Wow, glad everyone is ok!!!
I thing good trainers are invaluable!


----------



## waresbear (Jun 18, 2011)

Excellent ending to a horrible event. Phew!


----------



## franknbeans (Jun 7, 2007)

I just cannot believe those horses would go back on. Now the real test will be if a couple of weeks when they come home. perhaps that was too soon to be a real test. But-trainer travels with, so all is good. Cannot wait til he gets home to give him a hug!


----------



## franknbeans (Jun 7, 2007)

Cowchick-you have no idea. And his son, and now daughter in law are going to carry on the legacy. They are all so good. I am anxious for my guy to go spend a month with the son......in April. Dad won;t be quite home yet, plus he is booked MONTHS ahead. I can always go ride with him, which I do, because I consider him a friend, but at 75 he is still pretty busy!


----------



## Dustbunny (Oct 22, 2012)

Dear God! You just never know, do you?
Glad to read all were okay.


----------



## albertaeventer (Feb 5, 2013)

Wow, that's so crazy!! I'm glad everyone was ok!!!

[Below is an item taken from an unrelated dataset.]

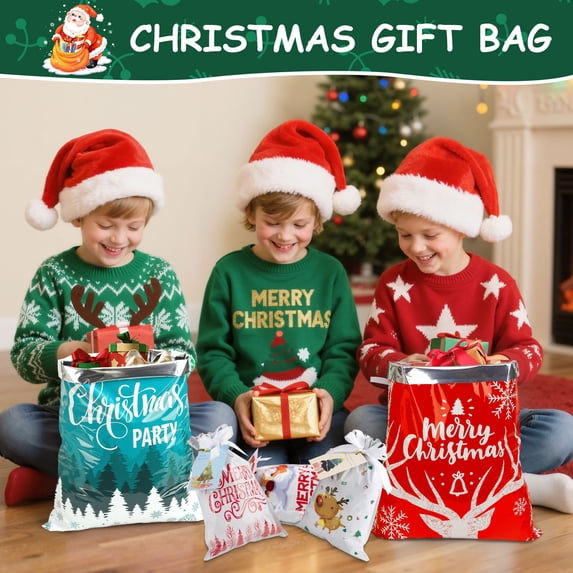 HiberyHom 38Pcs Christmas Giant Gift Bags, Jumbo Christmas Bags for Gifts, Xmas Large Plastic Gift Bags, Assorted Gift Bags Different Sizes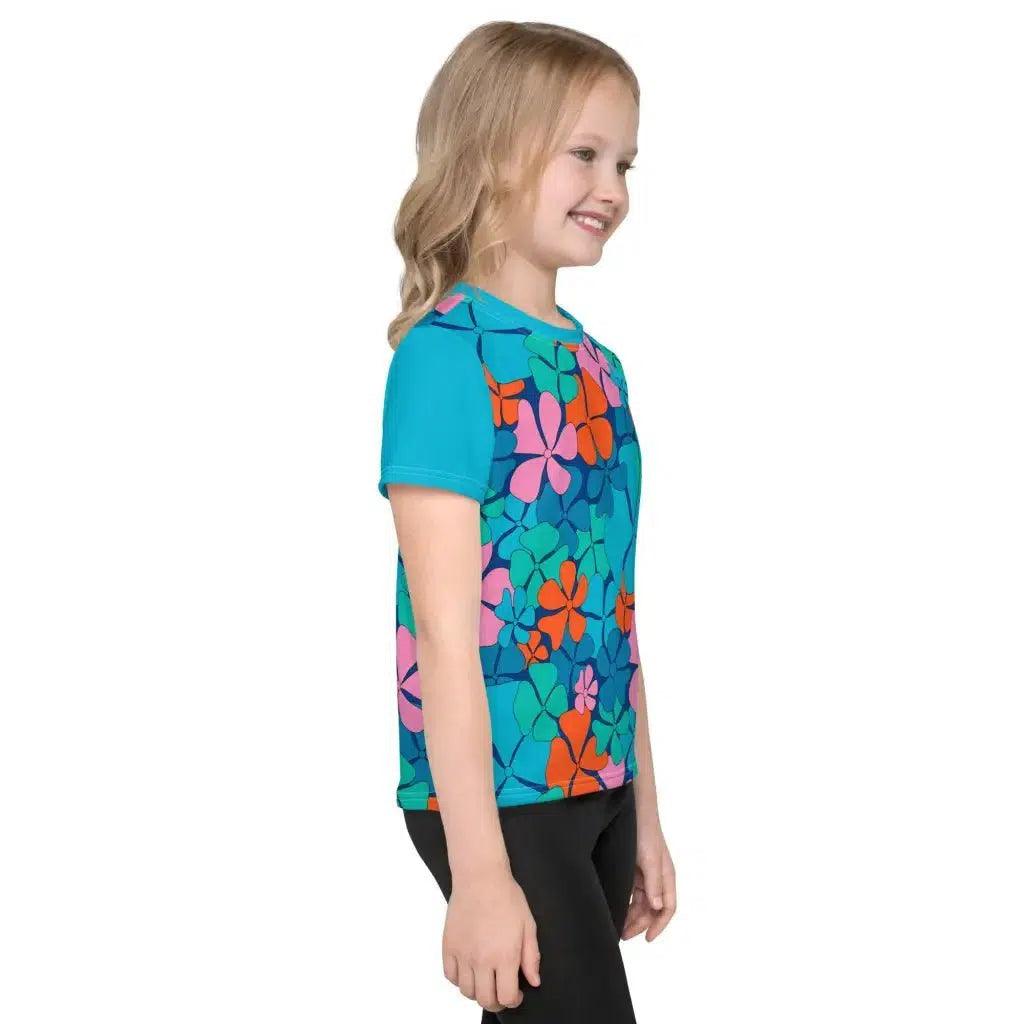 Kids' T-Shirt - ADELIE orange blue - Wild Floral Print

A friend of mine had a mechanical failure of the hitch which caused her bumper pull trailer to come right off, break the chains, and roll into the ditch at highway speed. By some grace of god, her horse was still in one piece, just a little cut and banged up, and when someone brought another trailer to take him home, same thing, he walked right on without a moment's hesitation. *THAT* was when my friend totally lost it. It's amazing what these animals will do for us!


----------



## nvr2many (Jan 18, 2011)

Oh wow, how scary. I am glad it all worked out tho. Whew!


----------